Retour (brutal) aux mots sauvages
C’est un livre clair (clair comme il en est un obscur, ou une ligne) où le travail est souffrance, mais aussi dignité et respect.
C’est un livre que j’ai lu pour des raisons professionnelles : je travaille sur (ou à) la souffrance au travail. Il en est de mon métier disons : ce n’est ni nouveau ni agréable à regarder en face. Mais il le faut.
Ici, le style de l’auteur est tel qu’on ne sait pas exactement qui parle, est-ce lui ou est-ce Eric, est-ce un autre ou un nouveau ? On sait les participants, on sait la mère et le cadre bleu dans lequel le portrait du père d’un petit sourire; on sait la course à pied (dernier chapitre, comme dans un rêve) (le livre en compte 72, courts, percutants et, parfois donc, haletants…), on sait le travail.
ce que je vois de ma fenêtre (multicoloré)
On sait aussi le temps qui passe. On sait les enfants partis, la femme presque jalouse : et là, juste là, c’est là, juste que ça tient. Car c’est ainsi, ces deux-là s’aiment.
Juste là.
Parce que le travail ne s’exécute pas seulement sur un plateau, comme pourrait le penser (s’il pensait encore, mais il pense pourtant) l’homme au complet de velours lisse.
Rien ne nous dit que, de tout cela, par exemple au hasard, ni Michel, ni Thierry, ni Didier, ni Stéphane seraient partie prenante (non plus que Mick, Keith, Brian, Ian, Charly et Bill, ou même Ron).
Rien ne nous dit que, de tout cela, émane cette odeur de privatisation qui conduit à un « management par objectifs » ou un « management par le stress ». Rien ne nous cache cependant que de ces « ajustements structurels » surgiront des êtres humains qui, par la force des choses -personne n’est responsable : c’est donc que nous le sommes tous- ne verront qu’une seule issue : la fenêtre, le suicide, la mort.
Ce qui sauve sans doute notre héros, celui que nous suivons, peut-être, sans doute probablement, c’est ce « retour » qu’il pratique sur, avec, par et grâce au téléphone : rappeler, aller voir et retourner voir cette soeur et ce frère, et le cadeau fait par leur père et leur mère (un plateau marqué à son prénom, Eric, et une lumière multicolore).
De nos jours « télé » (-phones, -visions, -travail, -transmissions, -achats, -portations blablabla…), que restera-t-il à ceux qui auront été enfantés par ceux que nous avons, nous-mêmes, enfantés ? Sauront-ils que, de nos jours, nous ne faisions plus, sur nos sols, de guerres, mais que nous nous tuions pour tenter de garder et de donner à notre travail la dignité et la loyauté que nous en attendions en retour ? Et, de ce travail, sauront-ils s’abstraire pour, dans un splendide sublime, échapper à son arbitraire ?
Cet après-midi, je suis allé travailler.

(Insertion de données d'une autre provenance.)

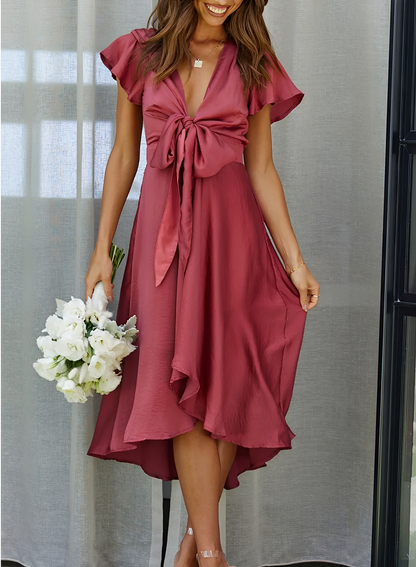 Ellia - Elegant Asymmetrical Dress for Women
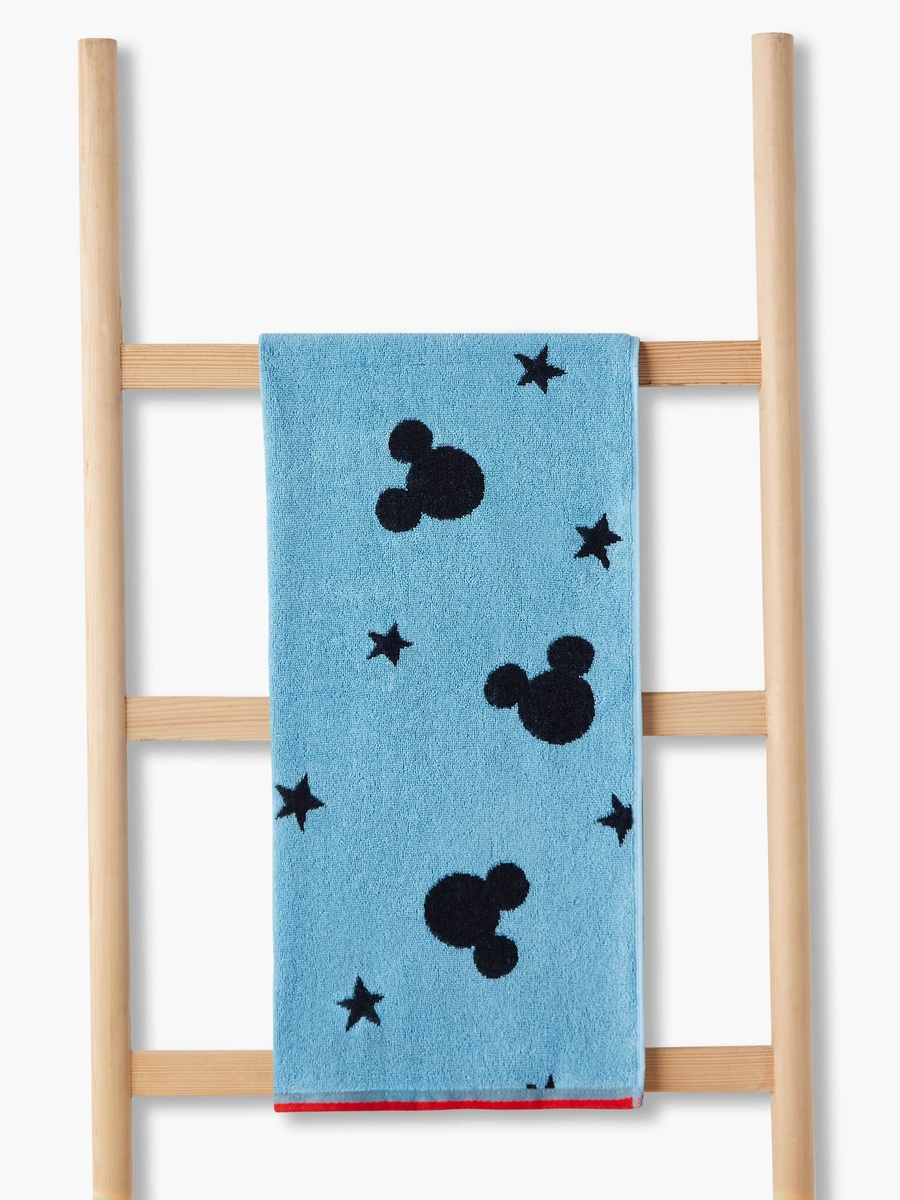 Baby Towel with Mickey Texture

J’ai interrogé une douzaine de personnes, leur ai demandé ce qu’elles ont vu, entendu, retenu; ce qui leur a semblé intelligible.
Je sais bien, nous sommes dimanche. Je sais bien, c’est le lendemain de Noël. Ce matin, mes enfants, au bout du couloir, dormaient encore. Le travail. Oui.

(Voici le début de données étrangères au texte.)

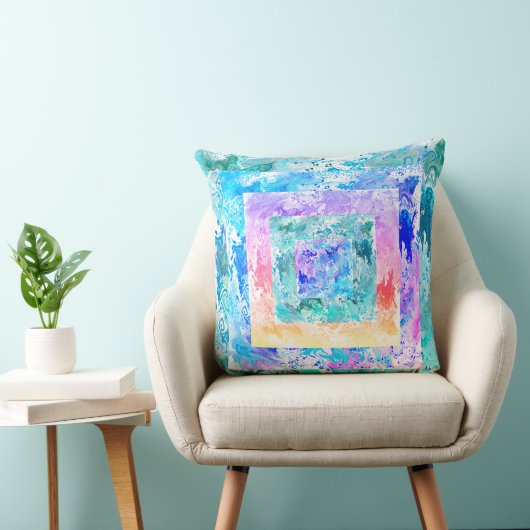 Modern Abstract Dubbelzijdig 2 Design Uniek Cadeau Kussen (Stoel)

Une coïncidence : ayant lu hier, à Bailleul, l’article calamiteux de Nancy Huston dans « Le Monde » du week-end, je retrouve ce que j’avais écrit sur le livre de Stig Dagerman (en octobre 2009 sur mon ancien blog « Le Chasse-clou ») et je mettais en parallèle ce qui se passait à l’époque chez France Télécom.
Thierry Beinstingel sait de quoi il écrit.
Tes cheminées sont violettes, peut-être ainsi moins violentes. La température de l’image, sans doute.